[Opening DATA EXTRACT section]

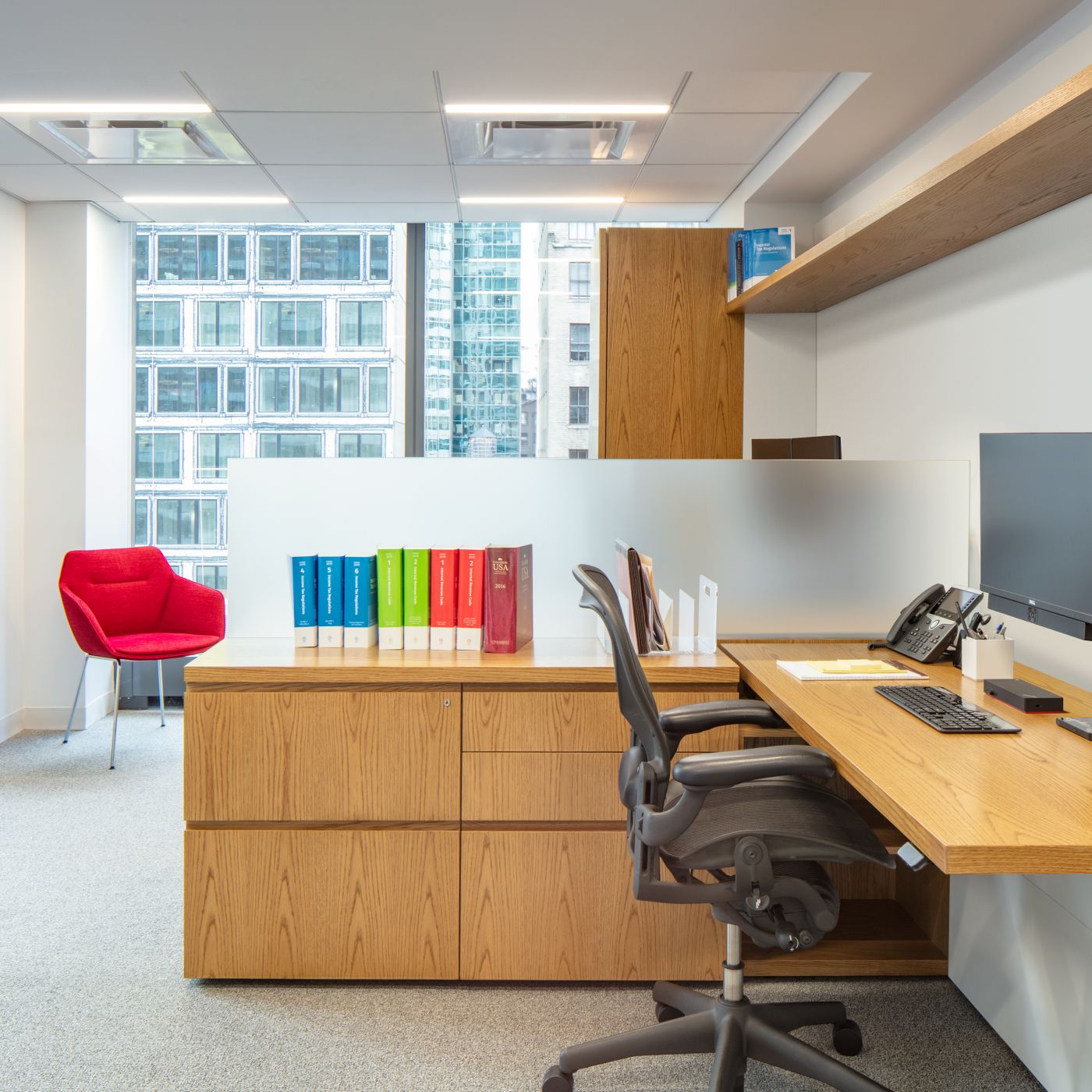 A shared NEW MILLENNIA office features adjustable-height worksurfaces and integral finger pulls.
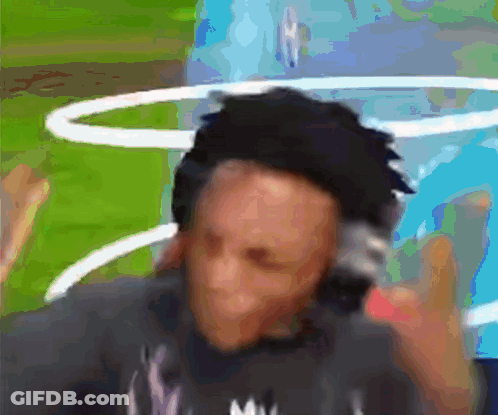 A Blurry Picture Of A Man Wearing Headphones And A Shirt That Says ' Mv ' On It GIF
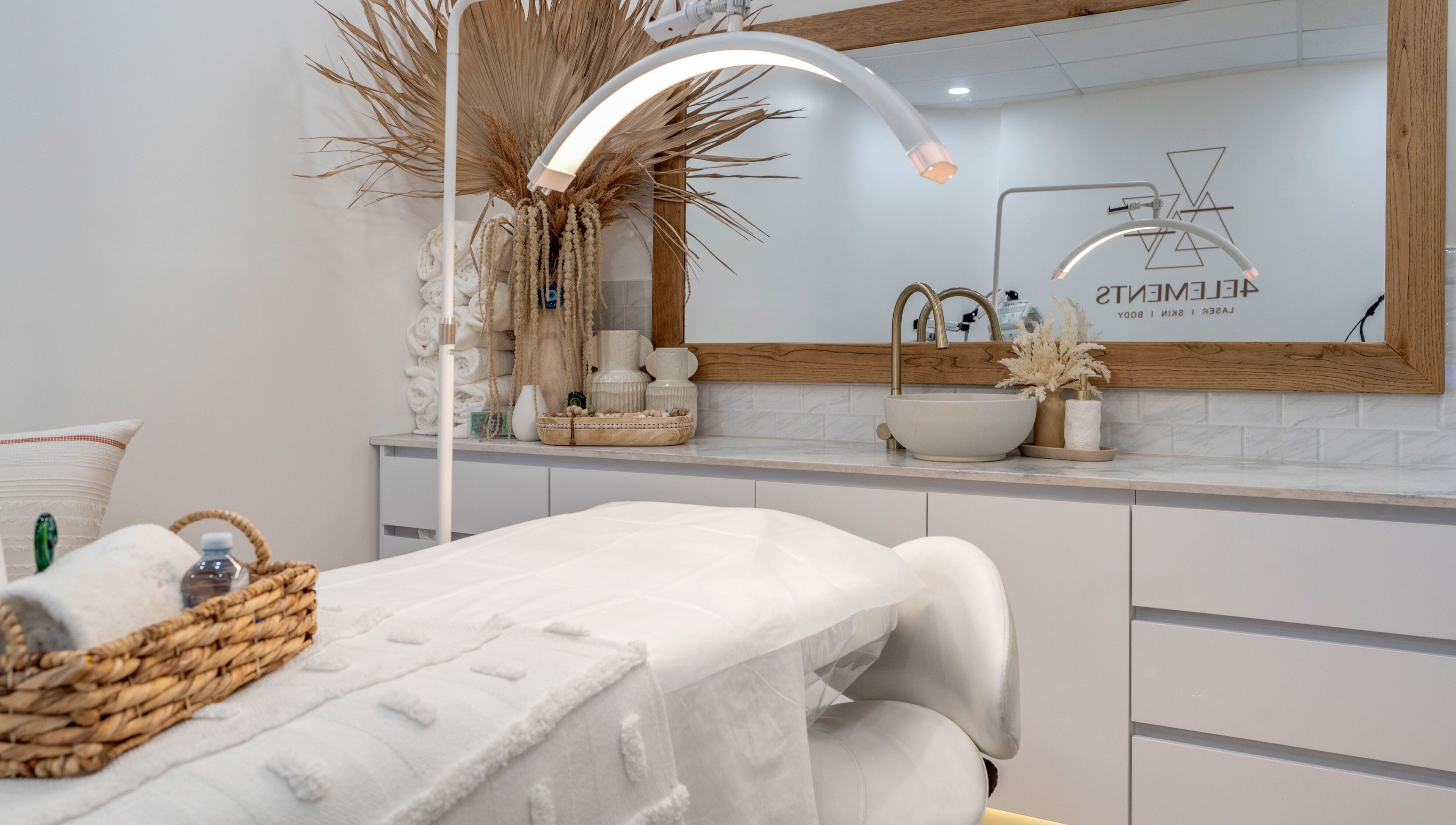Luxurious treatment room at 4 Elements Clinic, Melbourne, Victoria, AU with elegant decor and plush bedding.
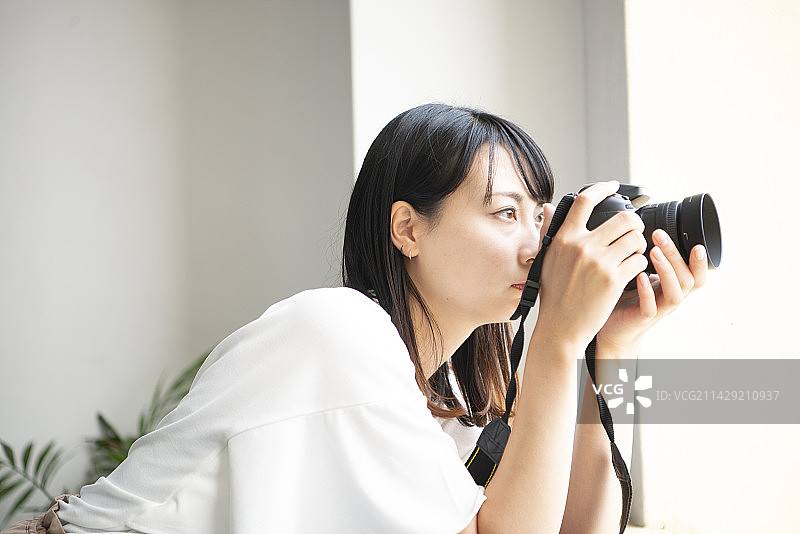 用单反相机拍照的女人图片素材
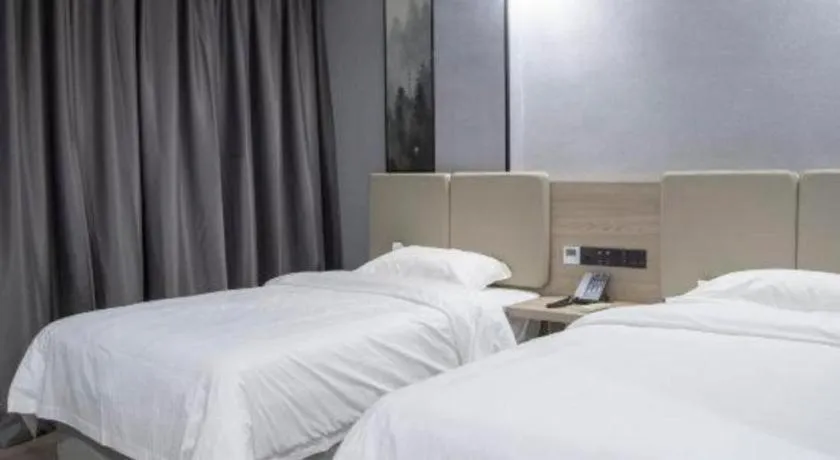 Bed in GreenTree Inn Anqing Tongcheng South Shengtang Road Shengtang International Business Hotel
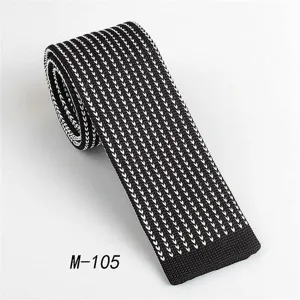 Classic black and white knit tie for men, stylish flat-end design for business and casual wear.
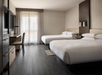 Modern hotel room with two double beds, a desk with a chair, a TV, and a large window with sheer curtains.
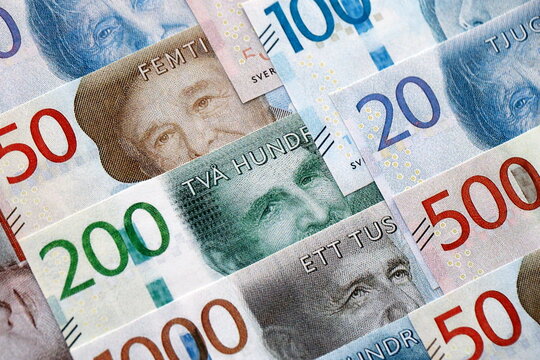 Swedish krona paper banknotes pile on table. Sweden SEK currency money bills in big amount. Concept of economics, taxation and banking in Sweden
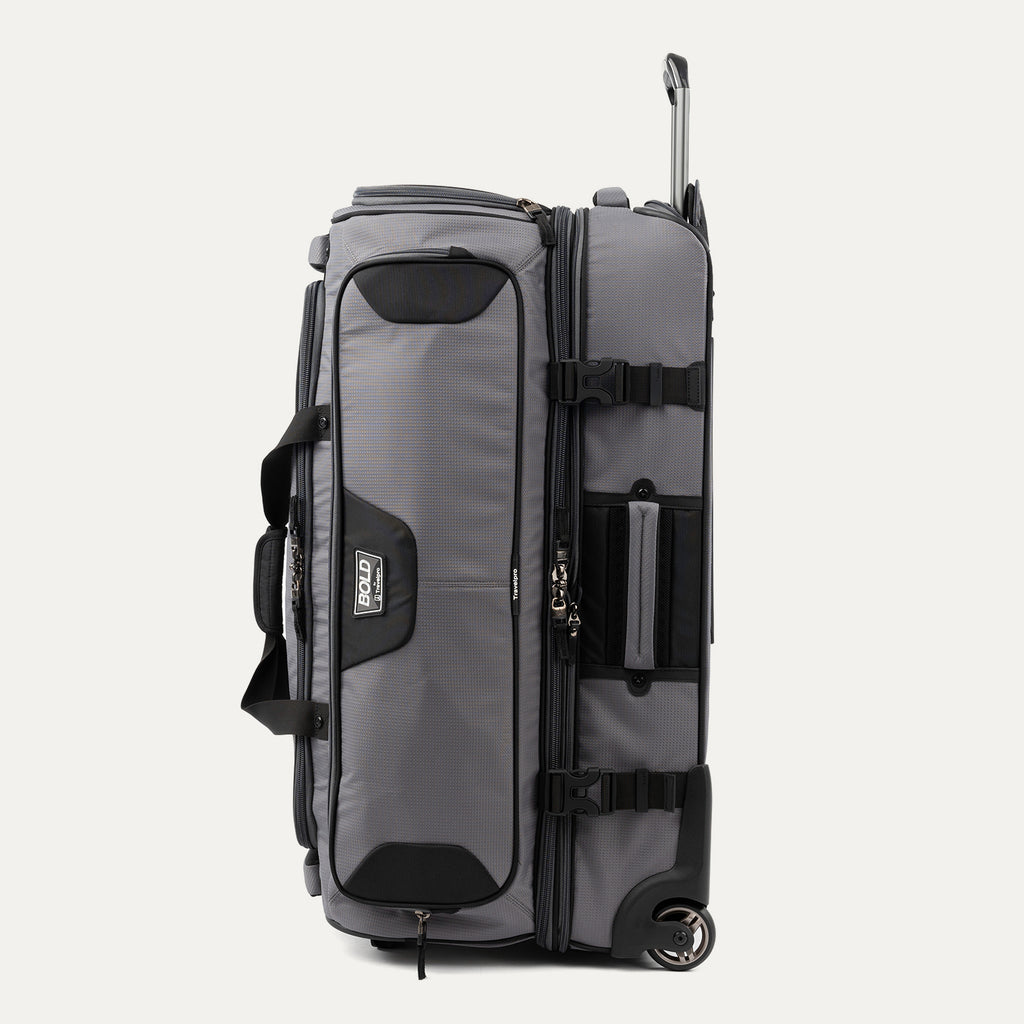 side view of the gray black bold by travelpro large check-in drop-bottom rolling duffel bag standing vertically, showing its sturdy side carry handle, exterior compression straps with buckles, and the extended telescoping handle.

[Closing DATA EXTRACT section]

▶ INSTRUCTIONS TO FOLLOW
Exactly the lines running from the one with "用单反相机拍照的女人图片素材" through the end of the listing above must be output, both ends included. No pictures belong in the output.

▶ TASK RESPONSE
 用单反相机拍照的女人图片素材
 Bed in GreenTree Inn Anqing Tongcheng South Shengtang Road Shengtang International Business Hotel
 Classic black and white knit tie for men, stylish flat-end design for business and casual wear.
 Modern hotel room with two double beds, a desk with a chair, a TV, and a large window with sheer curtains.
 Swedish krona paper banknotes pile on table. Sweden SEK currency money bills in big amount. Concept of economics, taxation and banking in Sweden
 side view of the gray black bold by travelpro large check-in drop-bottom rolling duffel bag standing vertically, showing its sturdy side carry handle, exterior compression straps with buckles, and the extended telescoping handle.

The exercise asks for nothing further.